Material shown:
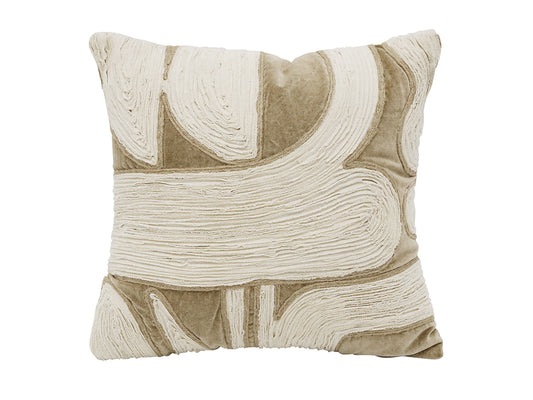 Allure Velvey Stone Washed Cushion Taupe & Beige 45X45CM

...

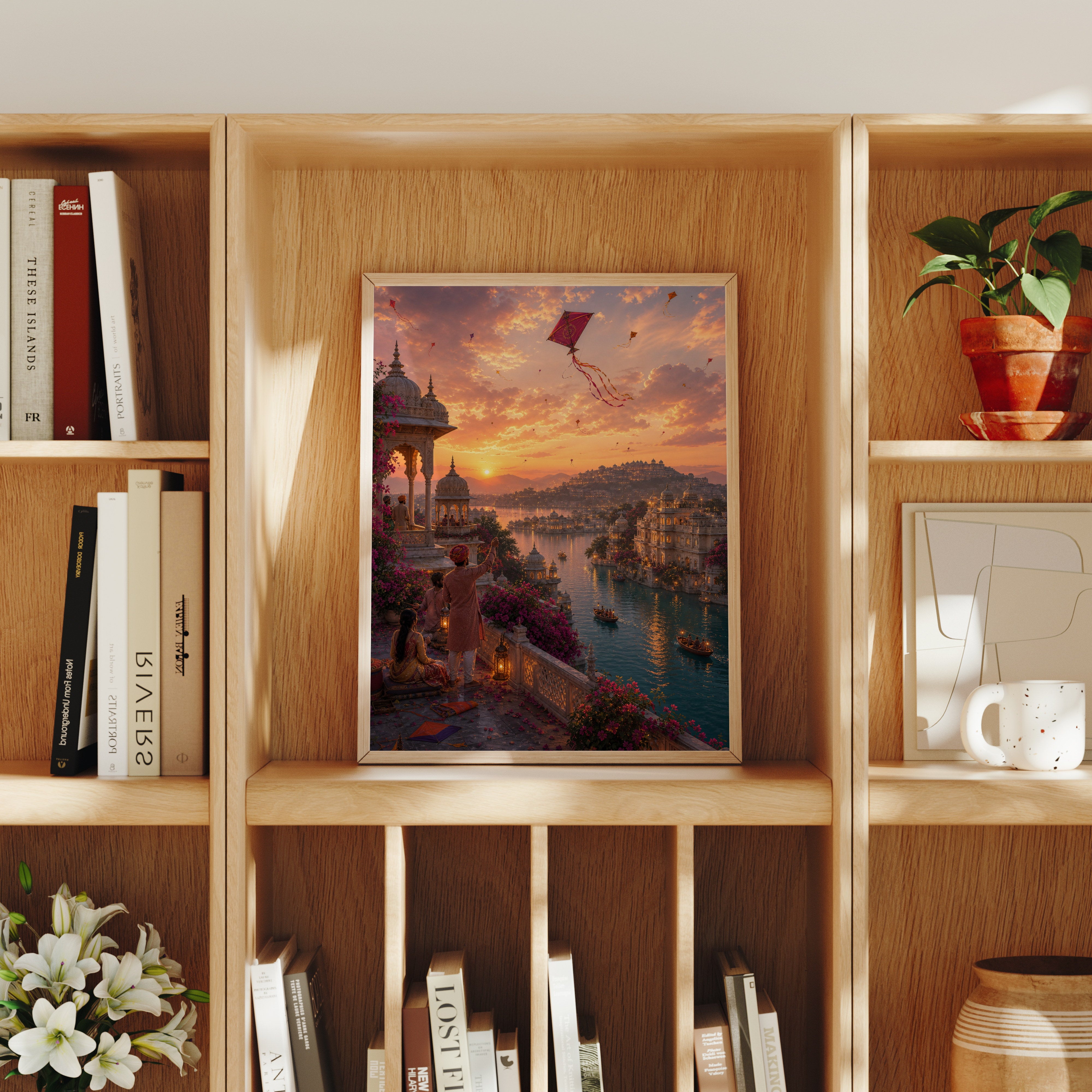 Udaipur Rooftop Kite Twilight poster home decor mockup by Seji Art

==

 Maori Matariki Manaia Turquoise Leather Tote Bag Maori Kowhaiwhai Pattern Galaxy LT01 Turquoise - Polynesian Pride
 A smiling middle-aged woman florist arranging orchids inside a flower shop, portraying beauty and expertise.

Task goal: The required answer is the run of lines above, starting at the line with "Maori Matariki Manaia" and ending at the line with "A smiling middle-aged", reproduced exactly with both ends.

Answer box:
 Maori Matariki Manaia Turquoise Leather Tote Bag Maori Kowhaiwhai Pattern Galaxy LT01 Turquoise - Polynesian Pride
 A smiling middle-aged woman florist arranging orchids inside a flower shop, portraying beauty and expertise.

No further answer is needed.